DHPS activity was measured in a 30 μL reaction containing 5 μM ¹⁴C pABA, 12.5 μM 6-Hydroxymethyl-7,8-dihydropterin diphosphate, 10 mM magnesium chloride, 2% PEG400, 4% DMSO, 50 mM HEPES pH 7.6, and 10 ng DHPS.^{6, 18} After 30 minutes incubation at 37 °C, the reactions were stopped by addition of 1 μL of 50% acetic acid in an ice bath. The labeled product of the reaction, ¹⁴C dihydropteroate, was separated from ¹⁴C pABA by thin layer chromatography. 15 μL aliquots of the reaction mixture were spotted onto Polygram TLC plates and developed with ascending chromatography in 100 mM phosphate buffer pH 7.0. The plates were scanned using a Typhoon (GE Healthcare) and analyzed with ImageQuant TL. Inhibition was tested by adding 200μM inhibitor to reaction solution. In addition, the reaction was performed using a 10 min pre-incubation of inhibitor and enzyme prior to substrate addition.

Molecular modeling

All molecular modeling steps utilized the Maestro Suite version 9.0 from Schrodinger Inc. The compounds 12 and 13 were protonated at the central linker nitrogen at pH 7, and a chiral centre exists at C6. Consequently, all possible stereoisomers were modeled and docked into the structure of BaDHPS obtained from the work of Kirk et al.⁵ The GlideXP module of Maestro was utilized for docking with only the highest scored pose retained for each molecule.
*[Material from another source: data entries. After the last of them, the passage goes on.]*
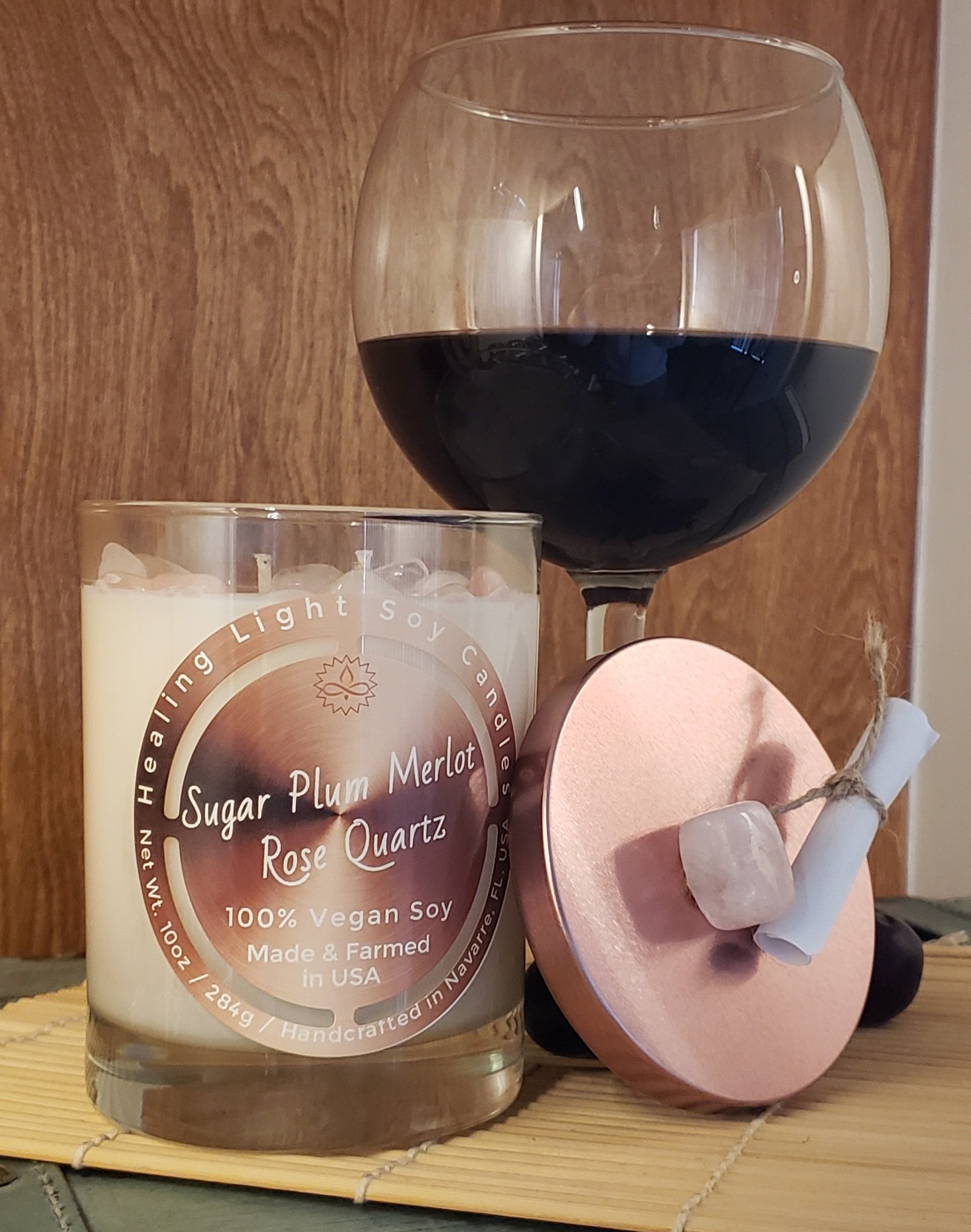 Sugar Plum Merlot Rose Quartz Soy Candle Made and Farmed in USA non-toxic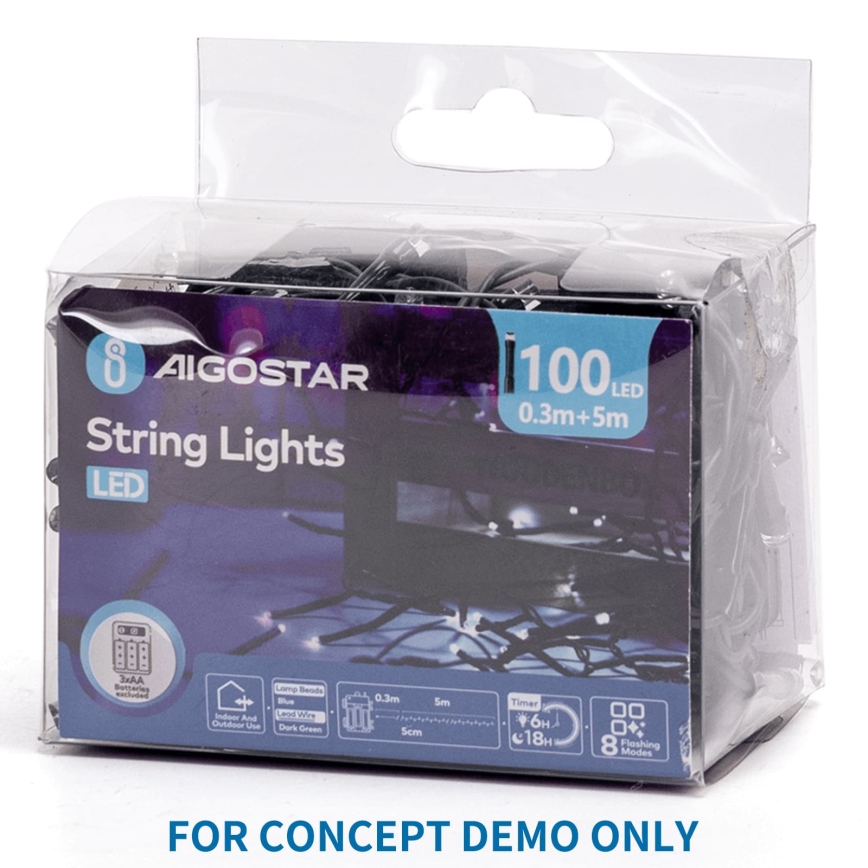 Aigostar - LED εξωτερική χριστουγεννιάτικη γιρλάντα 200xLED/8 λειτουργίες 3xAA 10,3m IP44 ροζ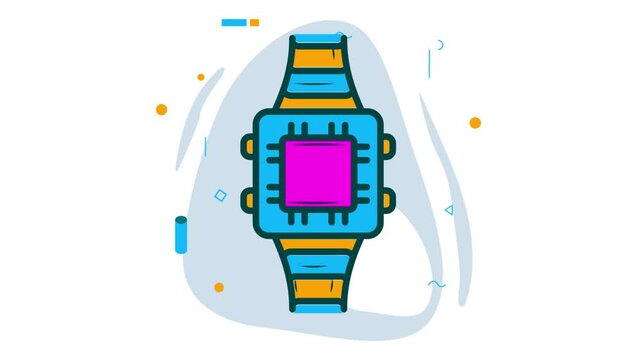ai enabled smartwatches continuously monitor heart rate animation,Health Diagnose Gadgets animated video Artificial intelligence Clip Natural Language Processing footage Machine Learning motion graph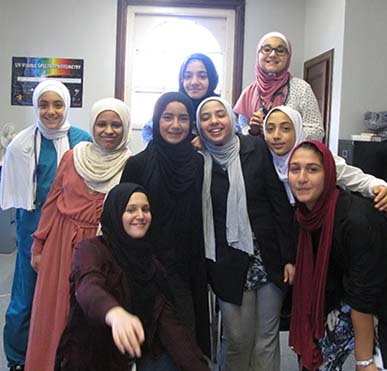 Girls smiling in hall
The BaDHPS receptor structure for docking contained a conserved water molecule as shown in Figure 2c. The docking grid was generated with the centre of the box set to the centroid of the bound inhibitor in the BaDHPS structure in Kirk et al.⁵ and the box size was fixed by “dock with ligand length” option in Glide set to 15Å. Compound 11 was then redocked with the option to retain top 10 poses. The poses generated were visually inspected and best ranked pose was found to have a plausible binding mode. This was then subjected to 20 cycles of minimization using the Impact module with OPLS_2005 force field and all parameters set to default, followed by a 1 ns molecular dynamics simulation in vacuo using Impact with a time step of 1 fs, default OPLS_2005 force field and NVT constant temperature ensemble set to 298.15 K. Snapshots every 0.5 ps were recorded. All other parameters were left at their default values. For Figures 2a and 2b, crystal structures 1tww and 1tx0 respectively were used to reproduce figures 5 and 6 from Babaoglu et al..³

Scheme 2.

Reagents and conditions: (a) DMAP, pivaloyl anhydride, refluxing 6 h; (b) H₂ 50 Psi/5%Pd-C, 2-methoxy-ethanol, RT, 3 h or Fe-AcOH, EtOH refluxing 2 h; (c) 1) AcOH, 4-formyl-benzoic acid methyl ester, RT, overnight; 2) borane-tert-butylamine complex.